# [DATA BELOW]
= = = = = = =
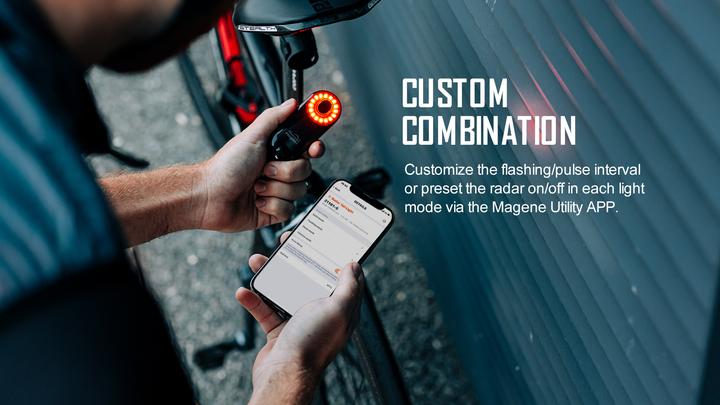 Actual product image Magicshine Seemee R300 radar rear light (300 lm)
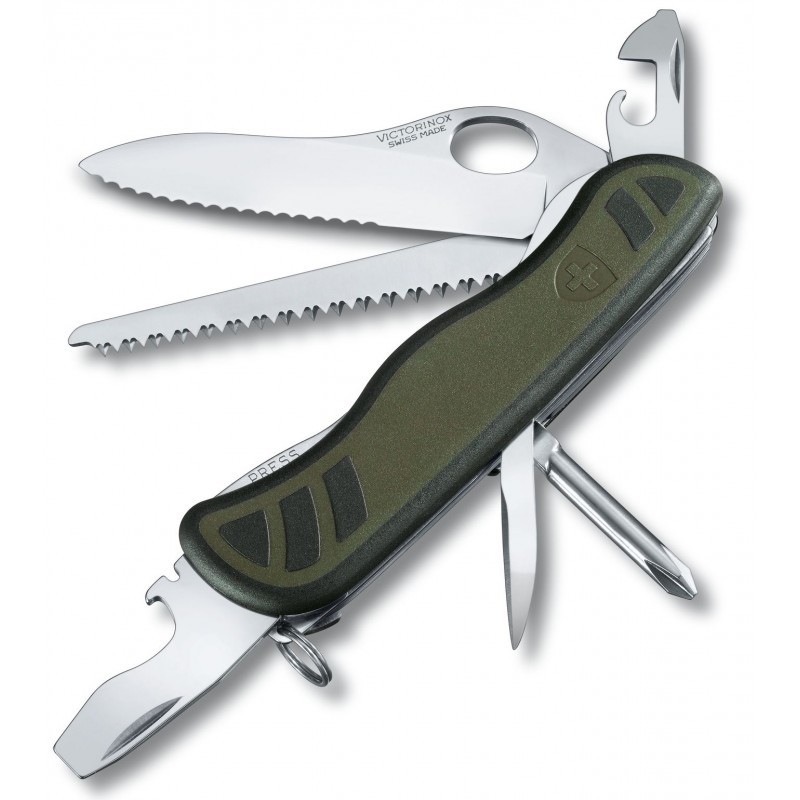 Нож Victorinox Military OneHand 0.8461.MWCH зелено-черный
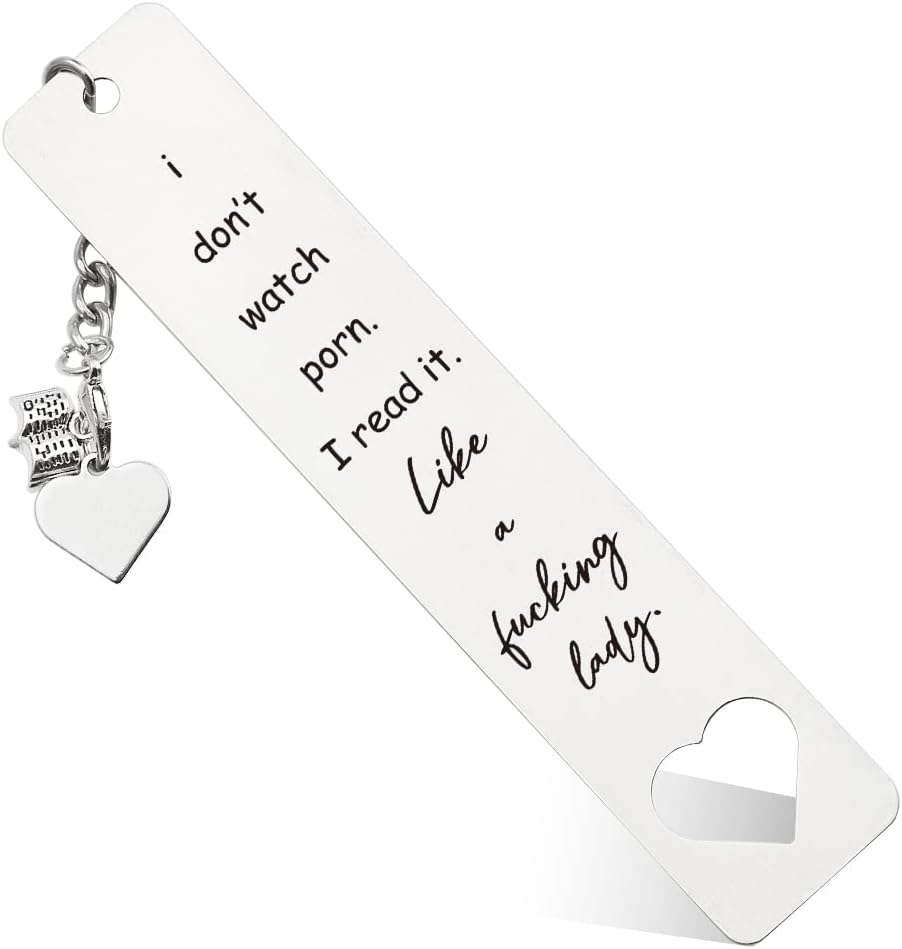 THRXOBN Funny Bookmark for Women, Men, Kids, Teens, Teachers, Book Lovers, Stainless Steel, 1 Piece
= = = = = = =
# [ABOUT THIS EXERCISE]
Only the lines from the one containing "Нож Victorinox Military" through the end of the data above are to be output, exactly and without pictures.

# [RESPONSE AREA]
 Нож Victorinox Military OneHand 0.8461.MWCH зелено-черный
 THRXOBN Funny Bookmark for Women, Men, Kids, Teens, Teachers, Book Lovers, Stainless Steel, 1 Piece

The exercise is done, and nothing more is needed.